6. Recent Developments (Last 12–18 Months)
- Feb 2023: Russia suspends New START participation, citing US support for Ukraine as constituting hostility [S4]
- 2024: Russia formally revokes ratification of the Comprehensive Nuclear-Test-Ban Treaty (CTBT) — signalling further withdrawal from the nuclear restraint order
- 2024–25: US and Russia hold no formal strategic stability talks; diplomatic channel remains broken
- Sep 2025: Russia's Permanent Representative to the UN sends letter to Secretary-General on the state of nuclear arms control [S4]
- 5 Feb 2026: New START expires; UN Secretary-General issues emergency statement warning of highest nuclear-use risk in decades [S3]
- 6 Feb 2026: The Hindu analysis published; global media attention on the absence of any successor framework [S5]
7. Prelims Hooks
- New START entered into force on 5 February 2011 — exactly 15 years before its expiry on 5 February 2026. [S1][S2]

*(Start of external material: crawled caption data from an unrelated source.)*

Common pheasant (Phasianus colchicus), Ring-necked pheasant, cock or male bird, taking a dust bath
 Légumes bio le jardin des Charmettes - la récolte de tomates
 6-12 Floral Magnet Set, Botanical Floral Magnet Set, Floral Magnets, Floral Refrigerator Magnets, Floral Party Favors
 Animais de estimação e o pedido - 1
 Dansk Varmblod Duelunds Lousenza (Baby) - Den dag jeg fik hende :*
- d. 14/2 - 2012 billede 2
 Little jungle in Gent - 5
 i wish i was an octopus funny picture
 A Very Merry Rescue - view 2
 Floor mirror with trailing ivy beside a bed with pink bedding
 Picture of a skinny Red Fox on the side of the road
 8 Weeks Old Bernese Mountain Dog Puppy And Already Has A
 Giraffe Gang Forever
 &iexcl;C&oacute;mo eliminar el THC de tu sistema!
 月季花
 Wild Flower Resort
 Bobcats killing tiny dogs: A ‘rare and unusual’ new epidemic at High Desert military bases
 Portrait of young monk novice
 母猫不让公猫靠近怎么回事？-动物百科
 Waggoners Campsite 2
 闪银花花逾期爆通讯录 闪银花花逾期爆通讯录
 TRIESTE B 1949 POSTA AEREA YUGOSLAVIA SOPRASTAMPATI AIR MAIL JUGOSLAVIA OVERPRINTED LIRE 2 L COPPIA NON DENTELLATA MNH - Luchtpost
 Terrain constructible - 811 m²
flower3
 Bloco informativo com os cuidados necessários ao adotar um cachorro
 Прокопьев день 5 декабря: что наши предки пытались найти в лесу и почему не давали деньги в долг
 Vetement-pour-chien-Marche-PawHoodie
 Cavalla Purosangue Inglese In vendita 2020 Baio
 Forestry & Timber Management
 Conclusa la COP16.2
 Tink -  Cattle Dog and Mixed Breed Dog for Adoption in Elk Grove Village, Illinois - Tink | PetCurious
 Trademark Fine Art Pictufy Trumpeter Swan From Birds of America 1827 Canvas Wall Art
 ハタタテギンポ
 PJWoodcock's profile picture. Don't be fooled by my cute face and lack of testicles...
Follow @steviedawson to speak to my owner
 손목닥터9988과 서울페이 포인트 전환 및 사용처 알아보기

- The treaty capped deployed strategic warheads at 1,550 per side. [S1]
- Delivery vehicle cap: no more than 700 deployed ballistic missile launchers and nuclear-armed bombers; 800 total (deployed + non-deployed). [S1]
- New START allowed 18 on-site inspections per year — a key verification mechanism. [S5]
- Both parties were required to reach treaty limits within 7 years of the treaty's entry into force. [S5]
- Russia suspended (did not withdraw from) New START in February 2023, citing US "proxy war" via Ukraine. [S4]
- The treaty's extension in 2021 was for 5 years — the maximum permitted under the treaty's own terms. [S1]
- New START was the successor to START I (1991) and effectively replaced the 2002 SORT/Moscow Treaty. [S2]
- The Bilateral Consultative Commission (BCC) was the dispute-resolution body created under New START. [S5]
- Russia's Sarmat heavy ICBM and Avangard hypersonic glide vehicle were successfully argued by the US to fall under New START counting rules; Poseidon and Burevestnik were not. [S5]
- For the first time since 1972 (SALT I), there are now no legally binding limits on US-Russia nuclear arsenals. [S2]
- The UN Secretary-General warned that nuclear-use risk is the highest in decades following New START's expiry. [S3]
- NPT Article VI obligates nuclear-weapon states to pursue disarmament — New START was the primary operational expression of this obligation for the US and Russia. [S1]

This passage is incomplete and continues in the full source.